Commercial enterprises implement policies that embody decisions about how corporate assets should be managed. For example, a policy implemented by a video provider says that a particular video will be available for online rental only for the next two months. The purpose of such a policy (rather than a much simpler policy that says, for example, that all videos are available for rental at all times) is to maximize rental income while decreasing the resources that would be needed if all videos were made available at all times. (It is expected that some consumers will respond to the limited rental window by renting the video when it is available rather than waiting and running the risk that the video would not be available at a later time.)
The simplicity of the above example obscures the fact a corporation may have very many assets and that a specific policy may need to be implemented for each one. To extend the above example, while a single rental-window policy could be implemented for all videos, in reality the videos and their expected markets are all different, which means that, perhaps, each one should have a rental-window policy specific to it.

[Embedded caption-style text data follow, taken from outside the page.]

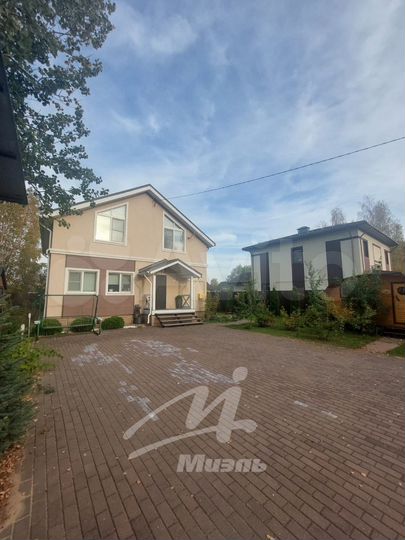 Коттедж 186,5 м² на участке 9,1 сот.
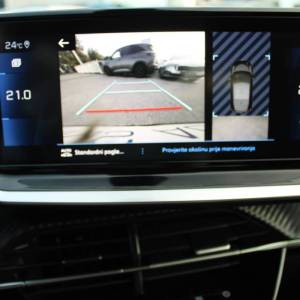 Peugeot 208 1.2 Puretech AUTOMATIK Allure *LED,NAVIGACIJA,KAMERA*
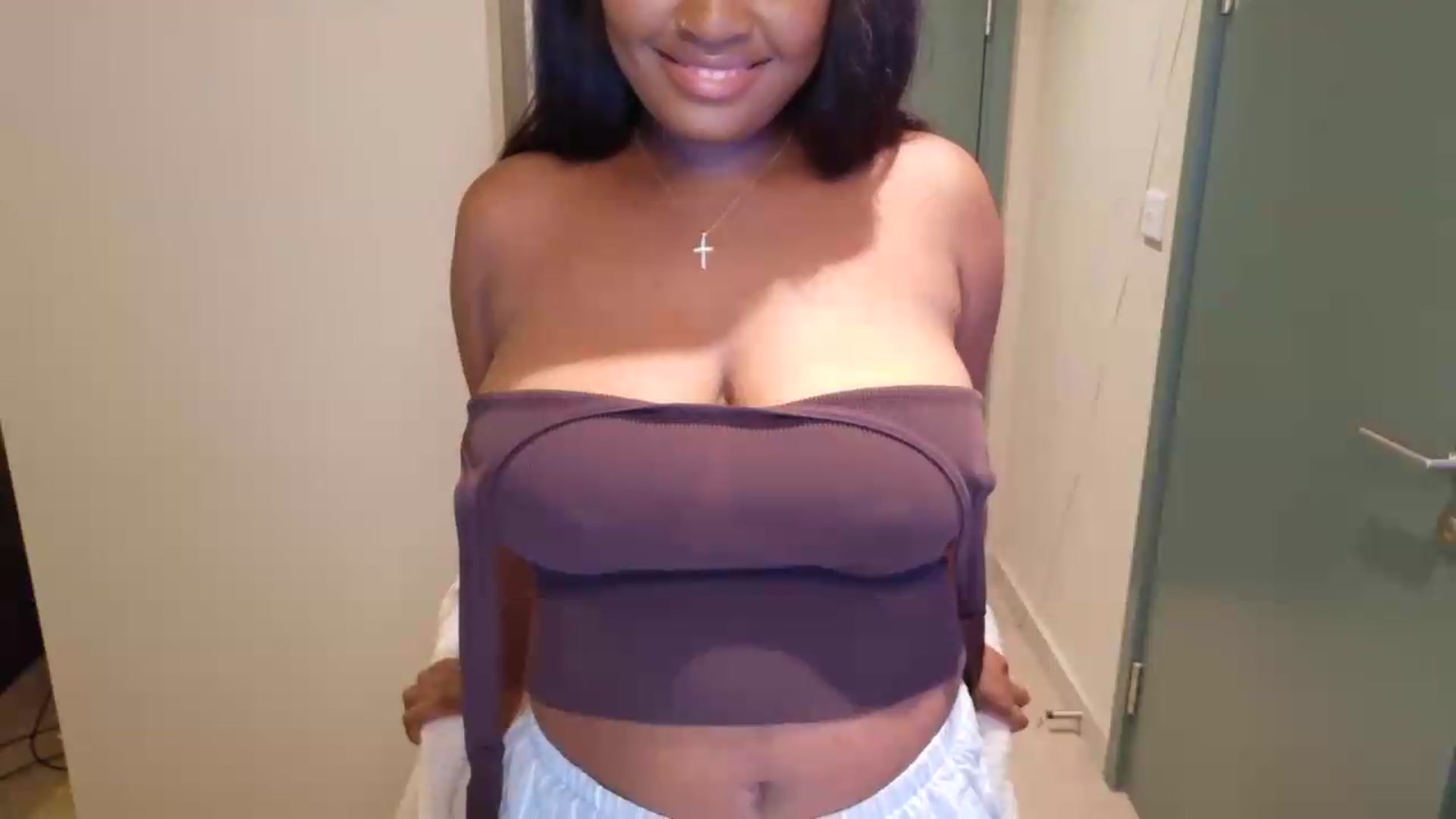 Gallery image thumbnail from Itsanna_b's myfreecams stream on, 07/28/2026, 03:15 image 15 of 20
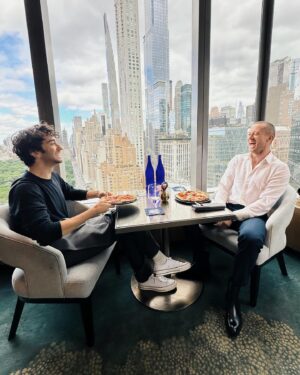 Joseph Quinn Instagram - Ahead of today’s release of his new film @aquietplace (“A Quiet Place: Day One”), actor @josephquinn (Joseph Quinn) spent some time adventuring around (not so quiet) New York City. In this edition of #10Things, see a few moments of Joseph catching up with co-stars, taking snack breaks and just hanging around the Big Apple. 🤫 
 
1. A sporty suit moment 👔
2. Snack break: take one 🎬 🥨
3. Central Park in the summer >>>
4. Picture perfect 💥
5. @josephquinn   @lupitanyongo   this view = 😍😍😍
6. A quiet place 😎
7. Snack break: take two 🎬 🍕
8. But do you fold @alexwolffofficial ??? 🧐
9. @josephquinn 🔥
10. ✌️🌳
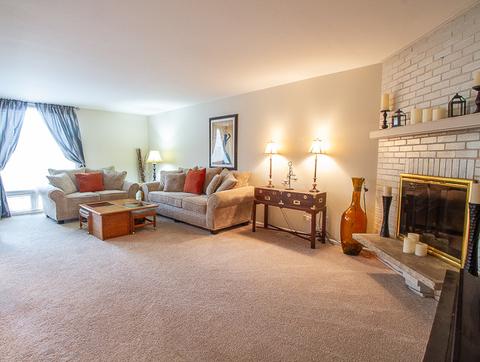 6 Birch Tree Ct, Elmhurst, IL 60126 photo 12
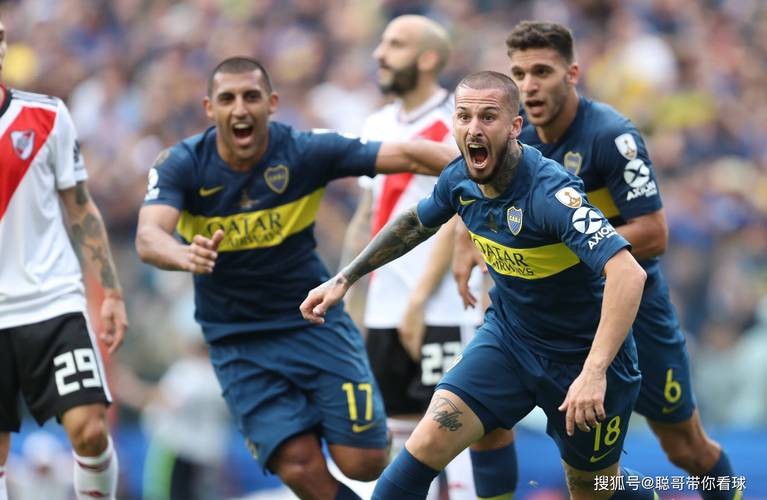 巴萨旧将：我的两座欧冠总被开玩笑；亚马尔达不到梅西的高度（前巴萨球员：两夺欧冠却常被调侃，亚马尔难以企及梅西）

These asset-specific policies are often written by human experts who review the corporate assets and their commercial context and then craft an asset-specific policy to implement the corporation's goals. Having a policy specific to each asset can lead to increased efficiency and profits as each asset is treated in the manner most appropriate to it.
However, this specificity places a great burden on the human experts and increases the possibility of human error. To address these issues, some policies are drafted to depend upon variables that attempt to account for differences among assets and for their changing contexts, but keeping these context-aware policies up-to-date conflicts with the goal of making them as flexible as possible.